Records from a data collection:
*-*-*
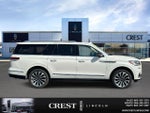 2024 Navigator L Thumbnail 2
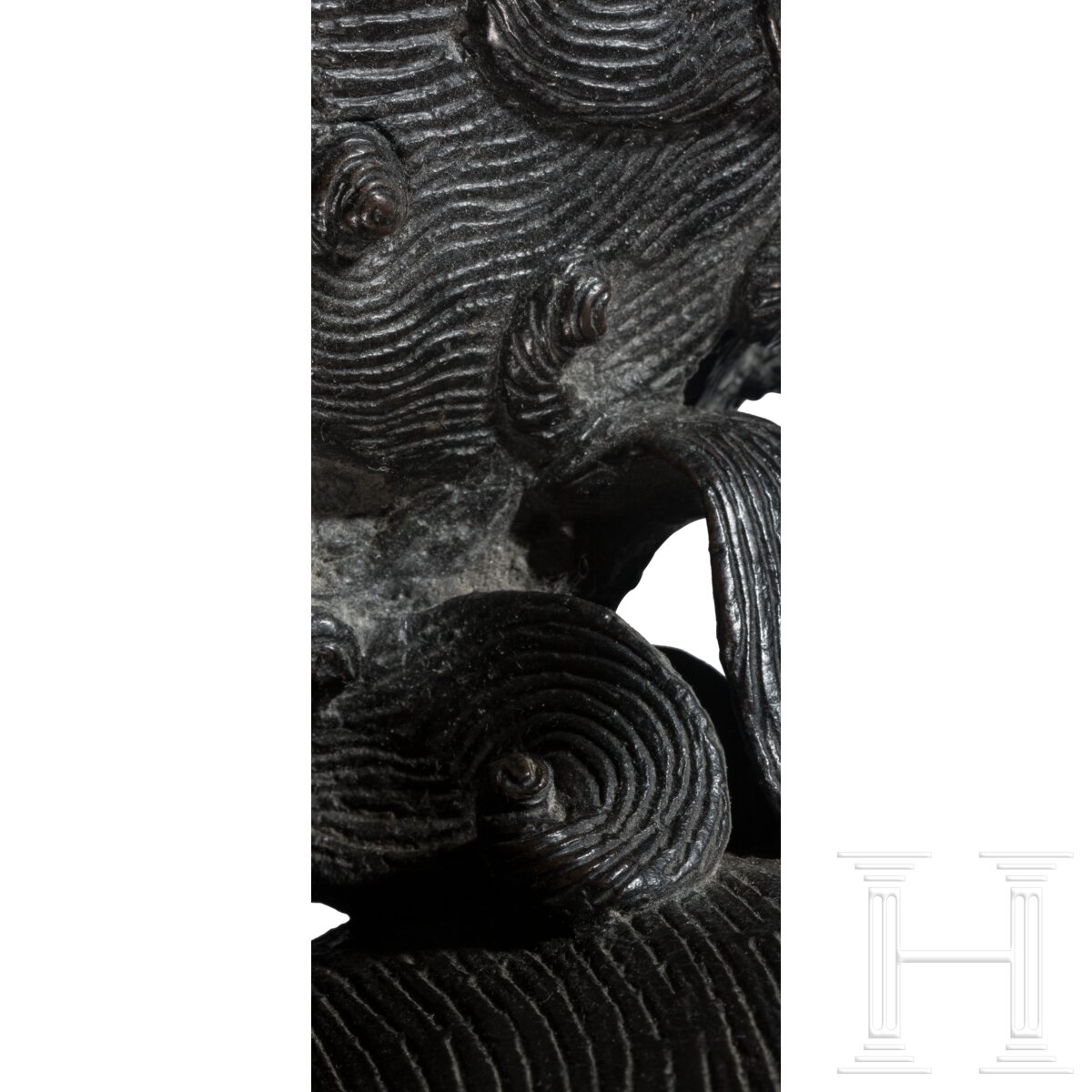 Massiver bronzener Weihrauchbrenner in Form eines Wächterlöwen, China, Qing-Dynastie, 18. Jhdt. - Image 6 of 7
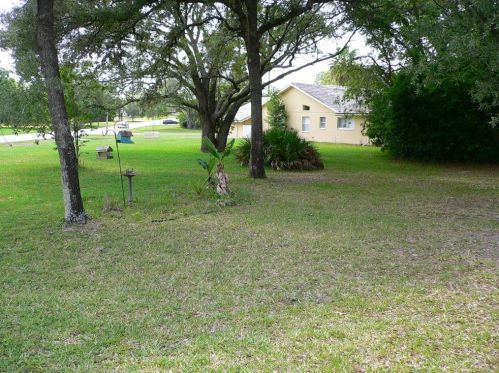3001 Stephanie Dr, Brooksville FL  34608-4465 exterior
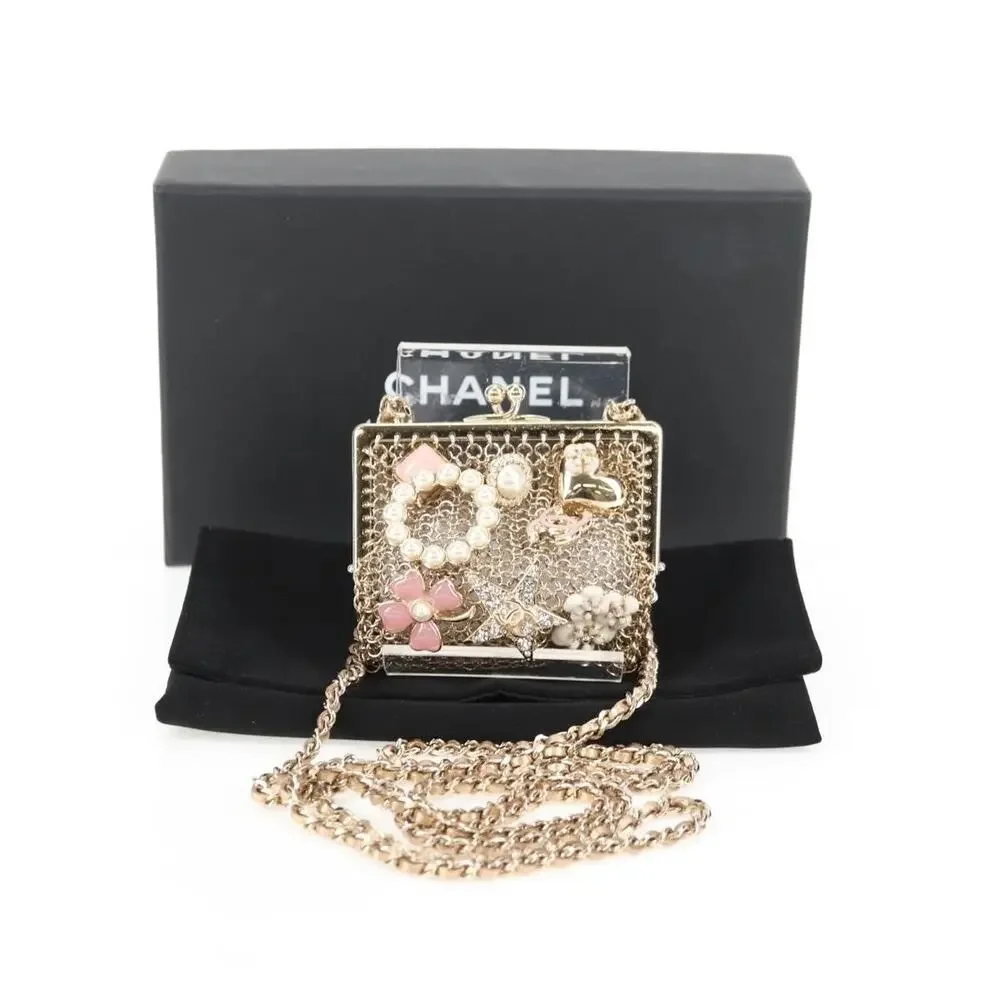 CHANEL height width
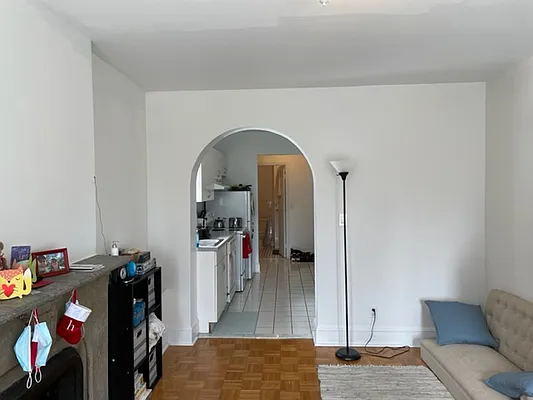 Rented by Friedman Roth Realty | media 4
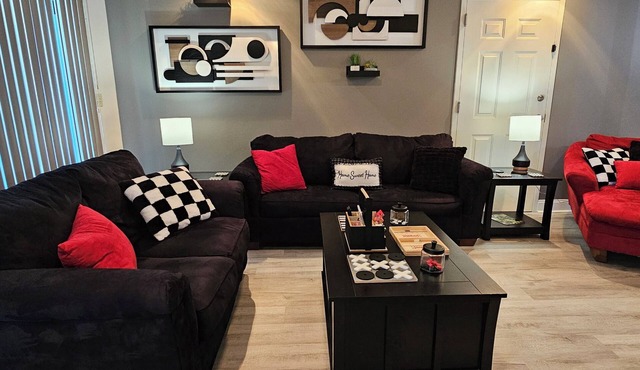 Bristol Speedway Condo- Centrally located Hard Rock Casino, Downtown, Speedway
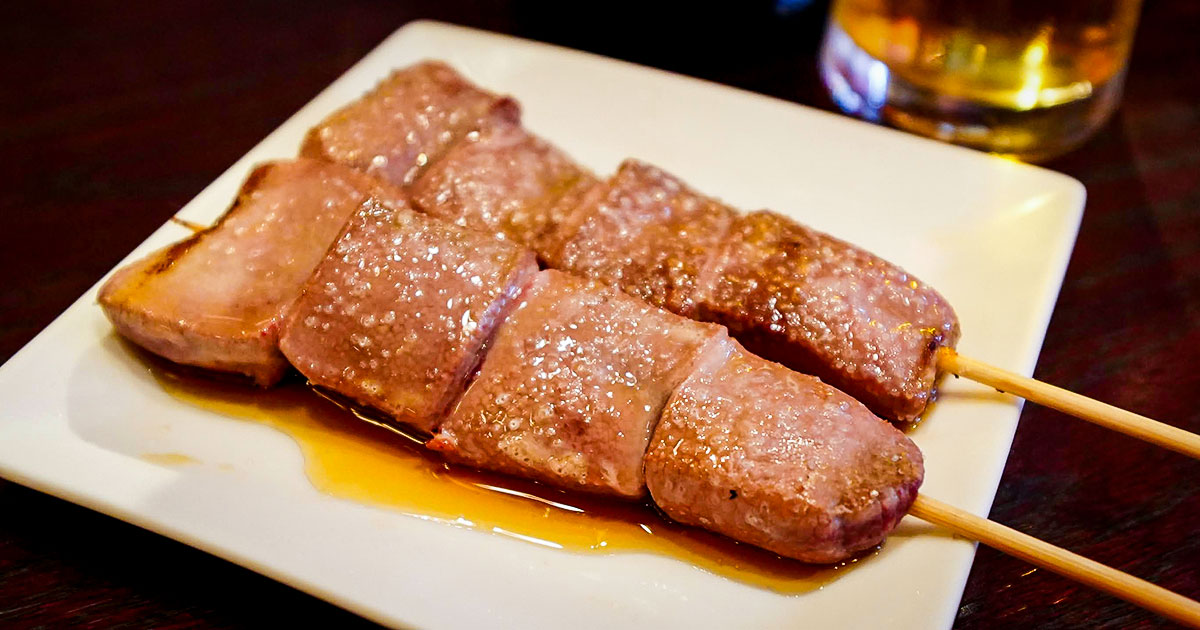 松戸『ほのじ』角が立った極厚「上レバ焼き」で乾杯!開店即満席になる芝浦直送もつ酒場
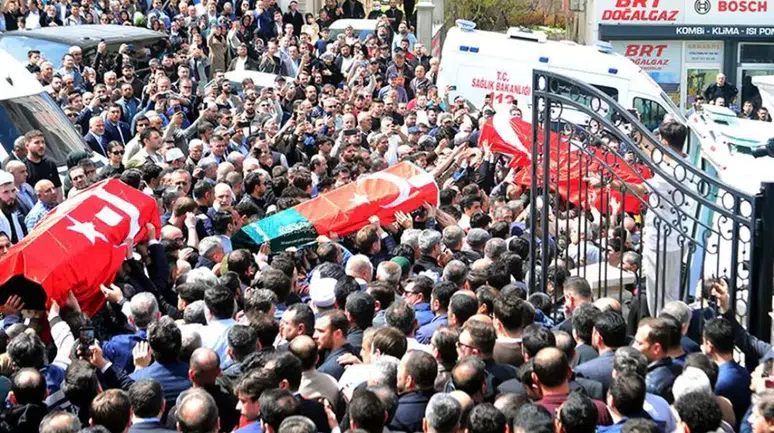 Kahramanmaraş’ta okuldaki saldırıda yaşamını yitiren öğrenciler toprağa verildi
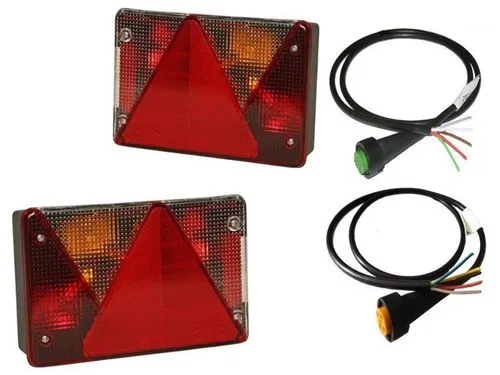 Aspöck Multipoint 4 - Leuchten Set mit Kabel - Autoanhänger Leuchten Set mit 2 hochwertigen Leuchten und 3m Open End Kabel, ideal für sicheres Fahren mit integrierten Rückstrahlern und umfassender Beleuchtung.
*-*-*
#### What the task asks:
Write out all the entries exactly, except for the pictures.

#### Answer section:
 2024 Navigator L Thumbnail 2
 Massiver bronzener Weihrauchbrenner in Form eines Wächterlöwen, China, Qing-Dynastie, 18. Jhdt. - Image 6 of 7
3001 Stephanie Dr, Brooksville FL  34608-4465 exterior
 CHANEL height width
 Rented by Friedman Roth Realty | media 4
 Bristol Speedway Condo- Centrally located Hard Rock Casino, Downtown, Speedway
 松戸『ほのじ』角が立った極厚「上レバ焼き」で乾杯!開店即満席になる芝浦直送もつ酒場
 Kahramanmaraş’ta okuldaki saldırıda yaşamını yitiren öğrenciler toprağa verildi
 Aspöck Multipoint 4 - Leuchten Set mit Kabel - Autoanhänger Leuchten Set mit 2 hochwertigen Leuchten und 3m Open End Kabel, ideal für sicheres Fahren mit integrierten Rückstrahlern und umfassender Beleuchtung.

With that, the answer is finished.